Le choix porté sur Abdou Diouf, jeune technocrate de 35 ans, sans engagement politique ni ancrage populaire notable, qui n’avait ni la carrure et la gloire politiques d’un Abdoulaye Ly ou un quelconque de ses compagnons originaires du PRA Sénégal constituant la génération intermédiaire entre Senghor et Diouf –l’on rapporte que lorsque Senghor porta son choix sur Abdou Diouf, Abdoulaye Ly lui fit cette remarque qui sera une sorte de mot de rupture entre eux : Vous avez sauté une génération- , ni le nationalisme téméraire de Babacar Bâ qui ambitionna de créer un pouvoir économique authentiquement sénégalais, encore moins le leadership charismatique d’un Lamine Diack drainant toute la communauté sportive et la jeunesse de manière générale derrière lui, ces deux derniers étant de la même génération que Diouf. Senghor avait choisi Abdou Diouf, justement, parce que celui-ci, tout en étant un fonctionnaire et un homme d’Etat compétents et rigoureux, ne brillait pas autant que ceux qui viennent d’être cités ; au contraire, il était capable de s’effacer, comme nul autre. C’est cela le profil du bon Premier ministre, et ce sont Senghor et Diouf qui nous l’enseignent. Ils chemineront ensemble pendant 10 ans sans anicroche et le Président finira par céder le pouvoir au Premier ministre. Abdou Diouf devenu Président, ne choisira pas un Premier ministre de la génération de son fils, comme l’avait fait Senghor avec lui. Il appellera un homme de sa génération, mais pas n’importe qui. Il désignera son ami, un compagnon de longue date, avec qui il a tout partagé, depuis les amphis de la fac. Un homme dont il a eu largement à éprouver l’amitié, Habib Thiam. Celui-ci ne restera en poste que deux ans, puis sera remplacé par Moustapha Niasse qui exercera la fonction pendant juste 1 mois, en avril 1983, le poste étant ensuite supprimé, pour une nouvelle durée de 8 ans. La Primature reviendra dans le dispositif institutionnel sénégalais en 1991, toujours sous Abdou Diouf, qui fera appel une fois de plus à Habib Thiam, l’ami dévoué dont il est certain de n’avoir à craindre aucun coup fourré, aucune rivalité ou concurrence.
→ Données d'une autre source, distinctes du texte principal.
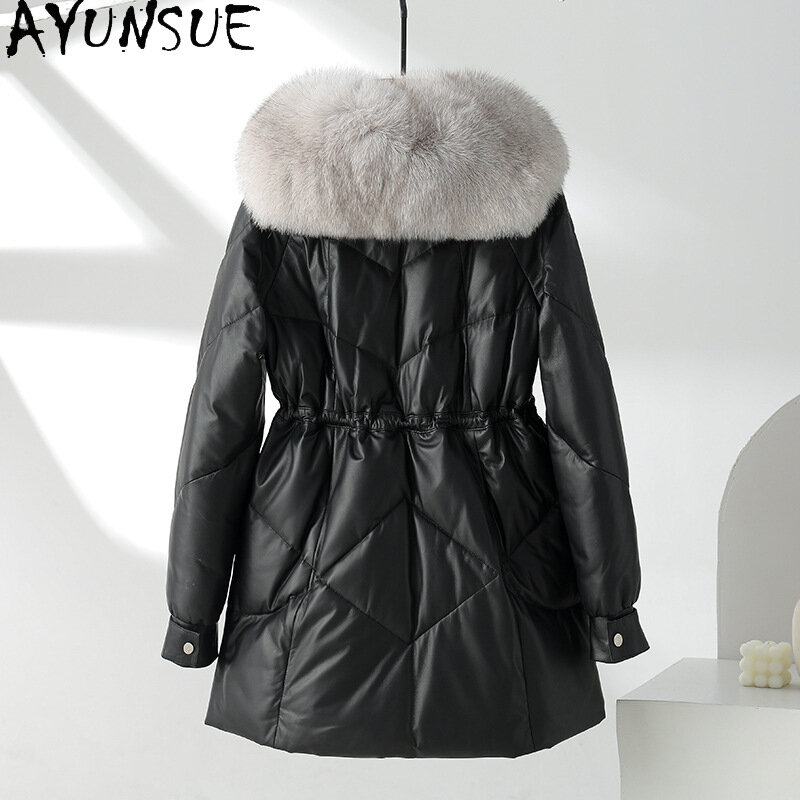 AYUNSUE-Jaqueta de couro de carneiro para mulheres, 90% casaco ganso branco, gola de pele raposa, jaquetas de couro soltas, moda coreana, 100% pele de carneiro real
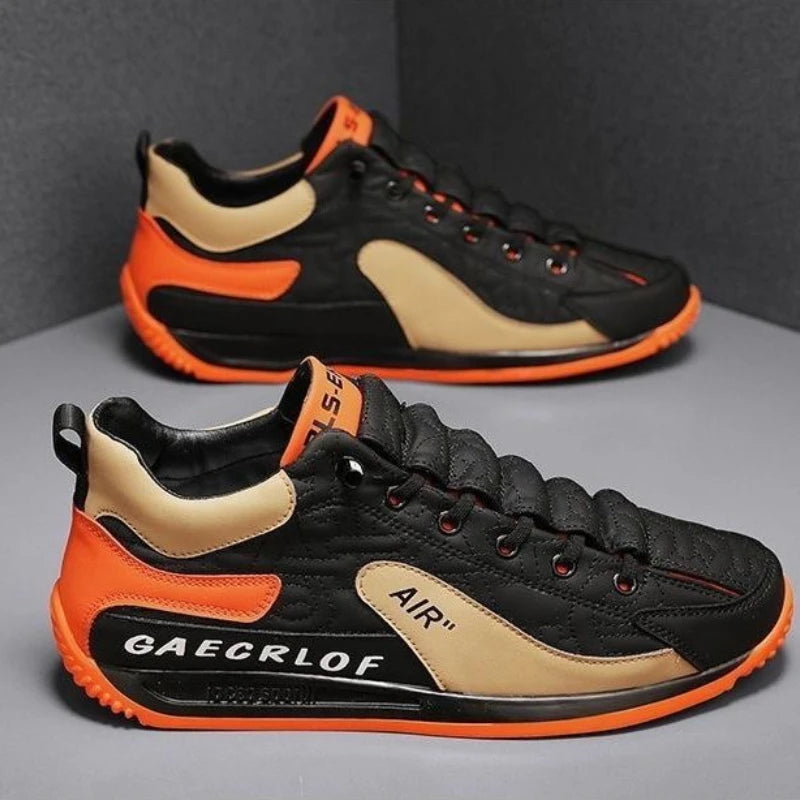 Men's fashion sneakers with thick soles, breathable material, lace-up design, suitable for casual and outdoor running.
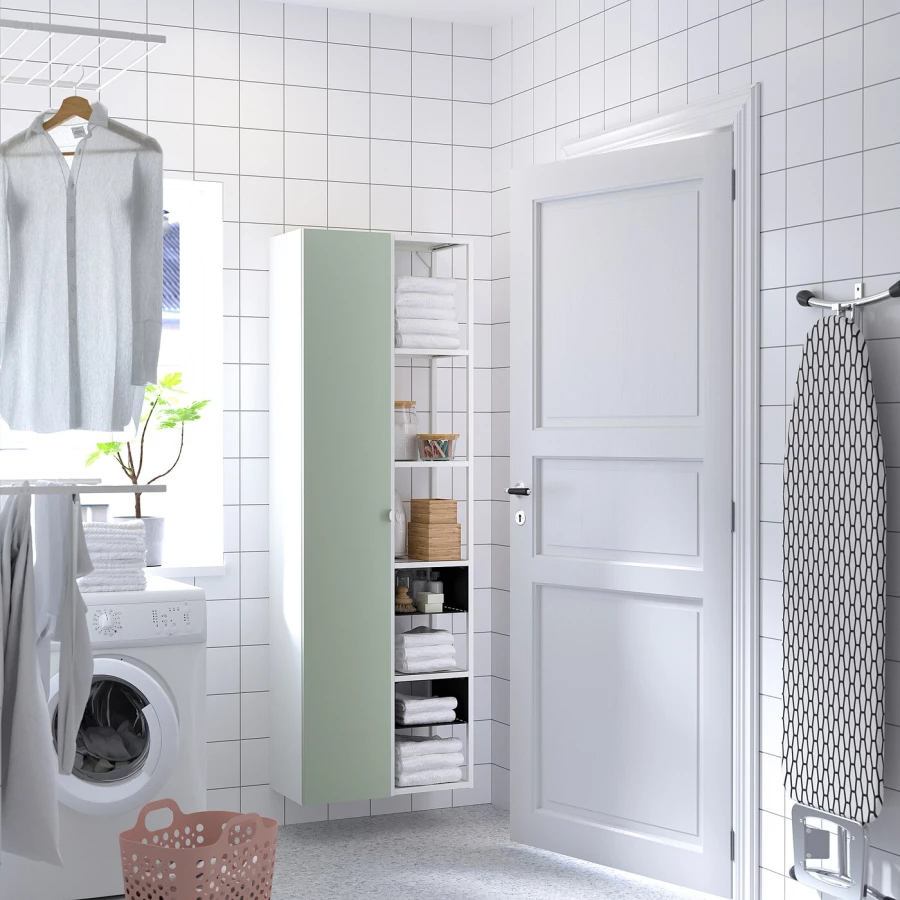 Комбинация для ванной - IKEA ENHET, 60х32х180 см, белый/светло-зеленый, ЭНХЕТ ИКЕА (изображение №3)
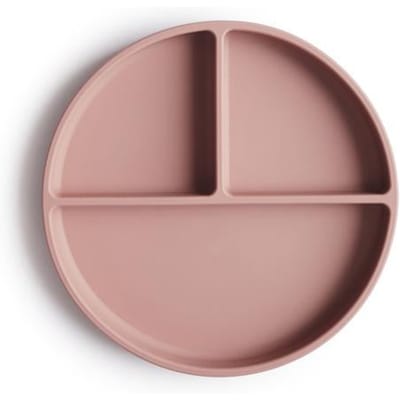 Silicone bord met onderverdeling - Mushie - Blush roze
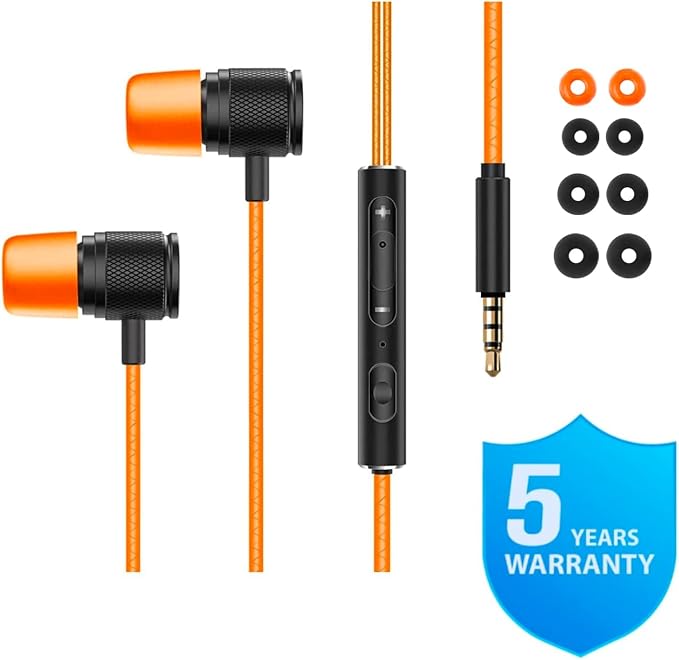 LUDOS Ultra Wired Earbuds in-Ear Headphones, 5 Years Warranty, Earphones with Microphone, Noise Isolating Ear Buds, Memory Foam for iPhone, Samsung, School Students, Kids, Women, Small Ears - Orange - Image 6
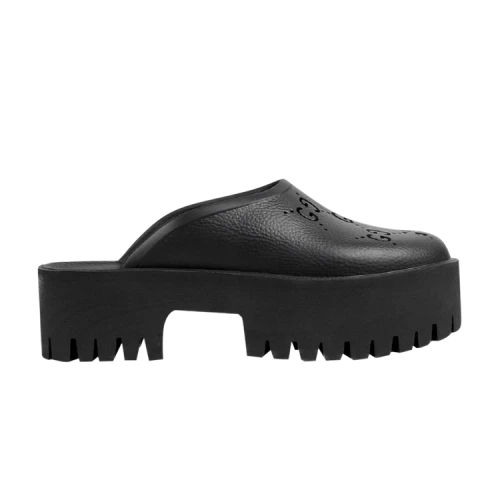 Gucci Platform Perforated G Sandal 'Black' (Women's)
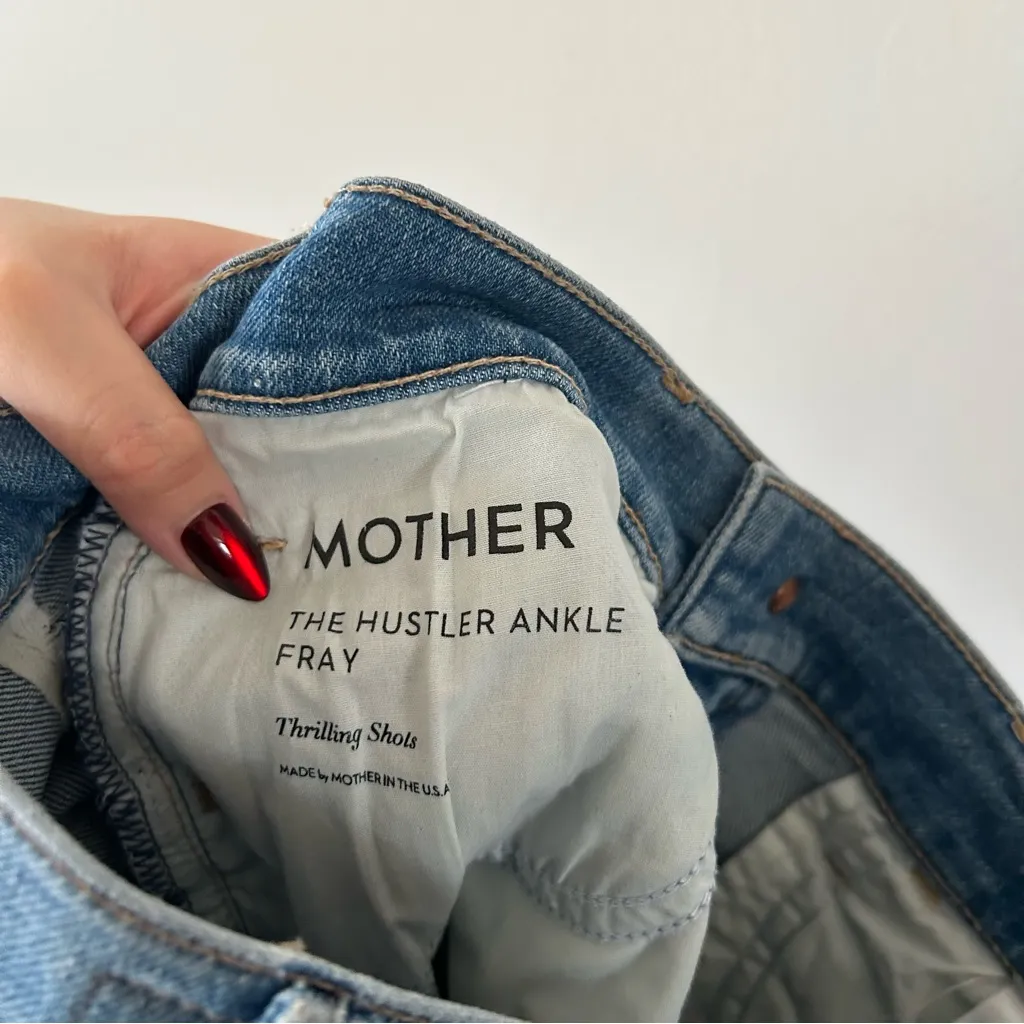 MOTHER Denim The Hustler Distressed Raw Hem Ankle Jeans Thrilling Shots Size 26 Blue - Image 6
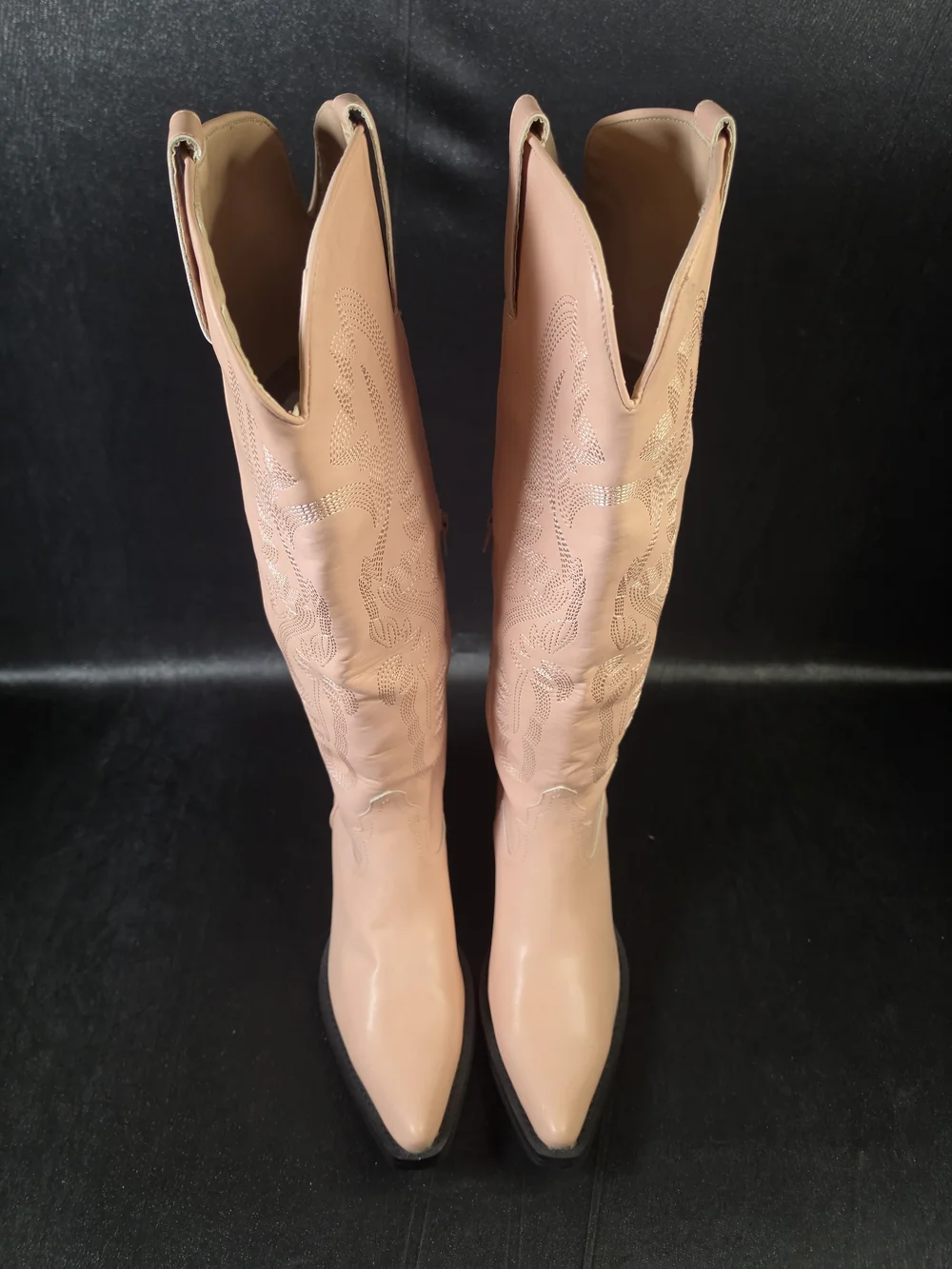 Women's Pink Cowboy Boots Size 8.5 Embroidered Western Tall Side Zip Pointed Toe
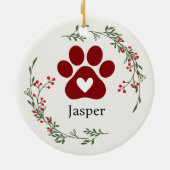 Paw Print Holly und Berry Weihnachtsschmuck (Hinten)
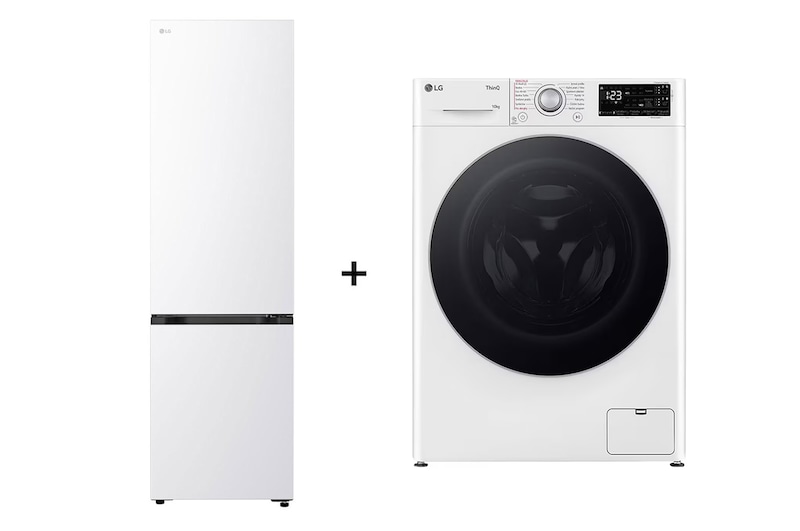 Čelní pohled na SET | LG Chadnička GBBS322BSW + LG Pračka FASR3A04WS RFWMSET3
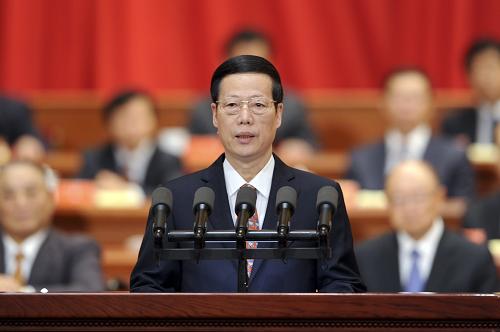 9月17日,中国残疾人联合会第六次全国代表大会在北京人民大会堂开幕。中共中央政治局常委、国务院副总理张高丽代表党中央、国务院发表题为《在实现中国梦的伟大实践中 创造残疾人更加幸福美好的新生活》的祝词。新华社记者 张铎 摄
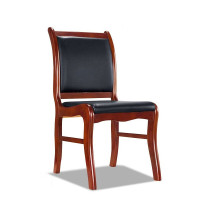 古睿德 无扶手实木会议椅办公椅皮革老板椅班前椅木制会客培训接待椅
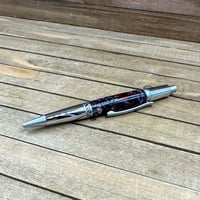 Image 1 of Click Pen in Chrome and Satin Chrome with Red, Black, White, and Gold Resin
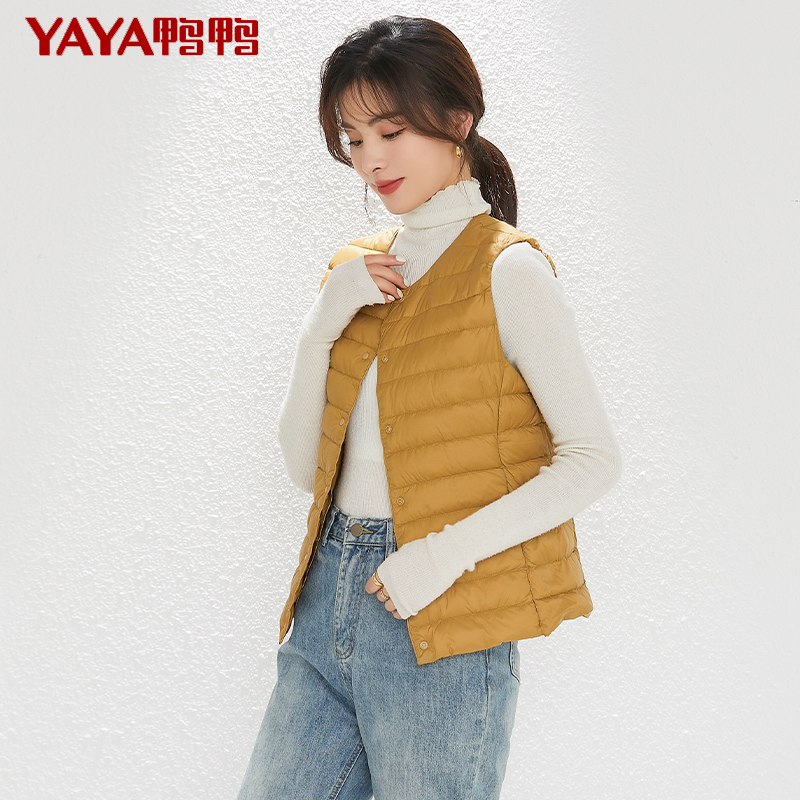 鸭鸭轻薄款羽绒马甲女时尚圆领羽绒内胆修身显瘦轻便保暖秋冬内搭 - 图1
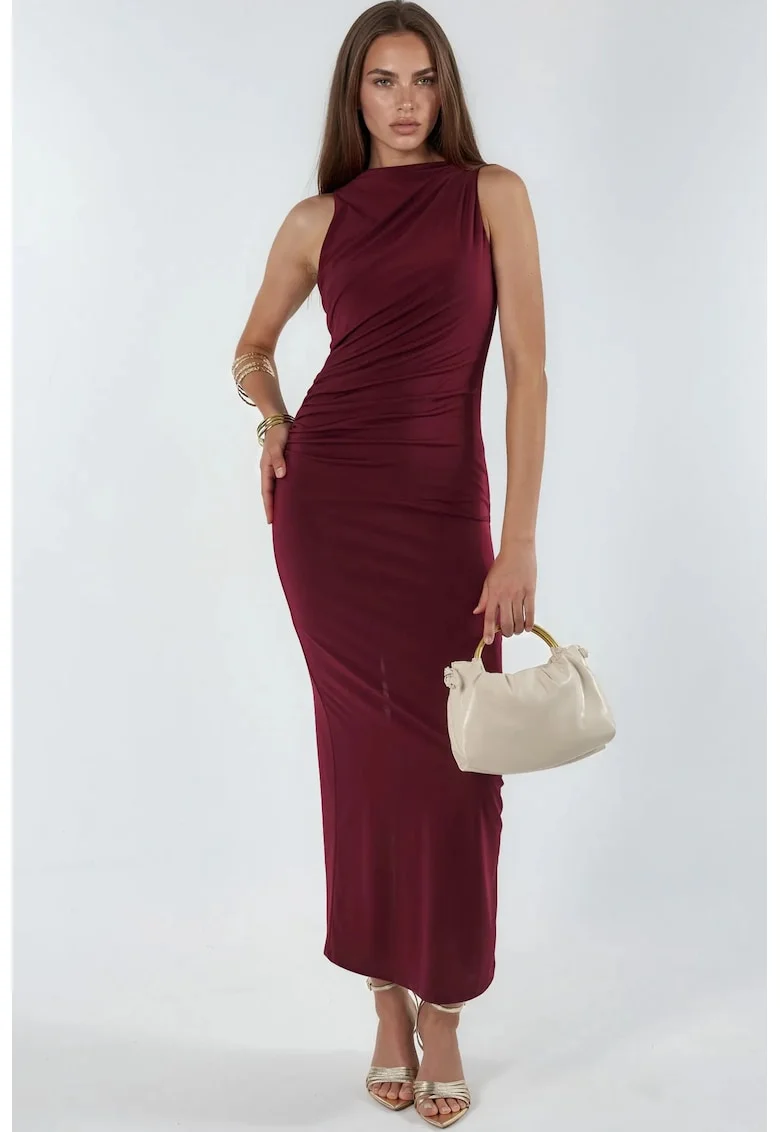 Rochie Midi  Bodycon, Detaliu Drapat, Rosu Burgundy, Poliester-Elastan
Le Premier ministre de retour restera en poste pendant 7 ans, et ne partira qu’en 1998, remplacé par Mamadou Lamine Loum le dernier Premier ministre de Abdou Diouf qui sera emporté avec son patron par l’alternance de 2000. Mais il est intéressant de noter que Loum lui-même, au moment de sa nomination, bien que considéré comme militant du Ps, était surtout réputé technocratique, plutôt distant de la politique partisane, et n’avait aucune activité connue dans le parti où il était domicilié. Je pense que ces éléments historiques, au-delà des apparences de stabilité, révèlent quand même la sensibilité constante qui a toujours émaillé la fonction de Premier ministre dans ses rapports avec le Président. Car entre longue suppression du poste et bail interminable entre la perle rare et la fonction, comme on l’a remarqué sous Senghor et sous Diouf, on semble marcher sur des tessons de bouteille, avec l’obligation de toujours bien regarder où on pose le pied. Et finalement, je pense que Wade comme Macky sont surtout défavorisés par le contexte et les conditions de leur accession à la Présidence, ce qui ne leur permet pas de recourir aux mêmes recettes que leurs deux premiers Présidents du Sénégal.